## Problem statement
Your copy of the entries below should hold exactly the lines from the one containing "Villa for sale" to the one containing "Apartamento no Jardim dos Lirios Ii", inclusive, and no pictures.

## Data in this exercise
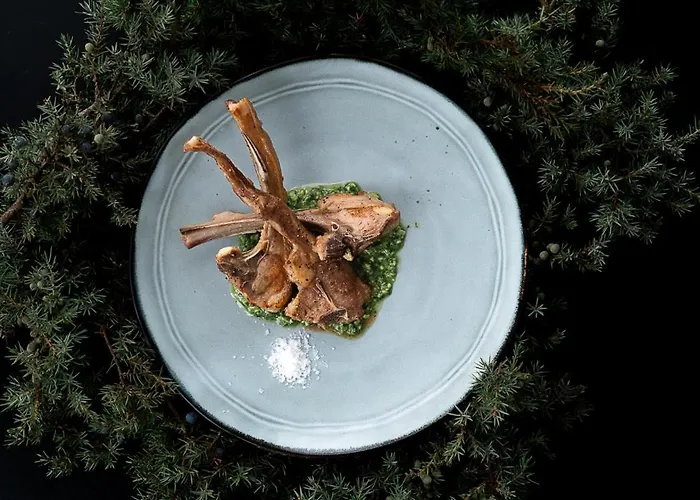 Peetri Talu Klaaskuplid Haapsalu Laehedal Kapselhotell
--
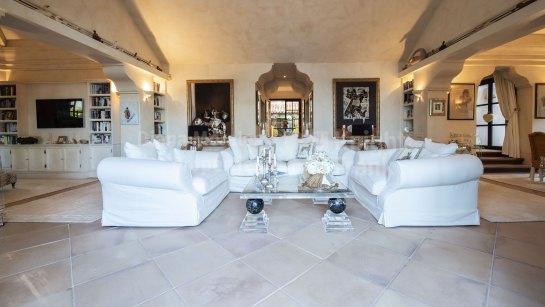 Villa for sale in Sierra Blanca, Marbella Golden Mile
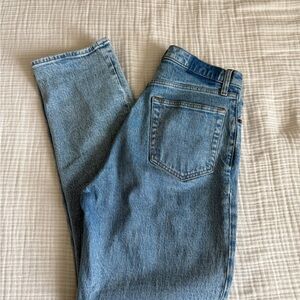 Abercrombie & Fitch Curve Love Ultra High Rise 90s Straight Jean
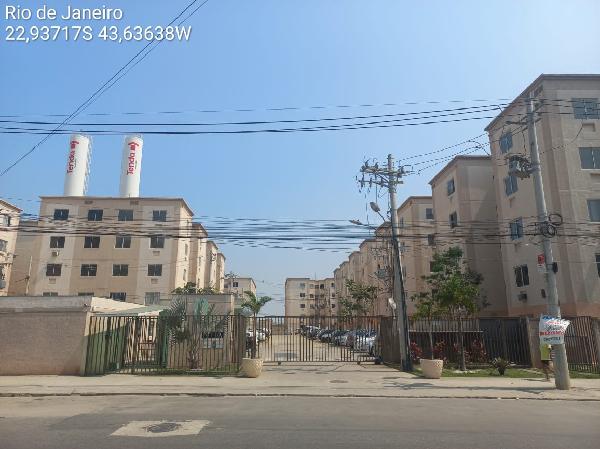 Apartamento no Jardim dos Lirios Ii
...
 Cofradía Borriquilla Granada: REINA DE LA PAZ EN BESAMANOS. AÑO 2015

## Exercise solution
 Villa for sale in Sierra Blanca, Marbella Golden Mile
 Abercrombie & Fitch Curve Love Ultra High Rise 90s Straight Jean
 Apartamento no Jardim dos Lirios Ii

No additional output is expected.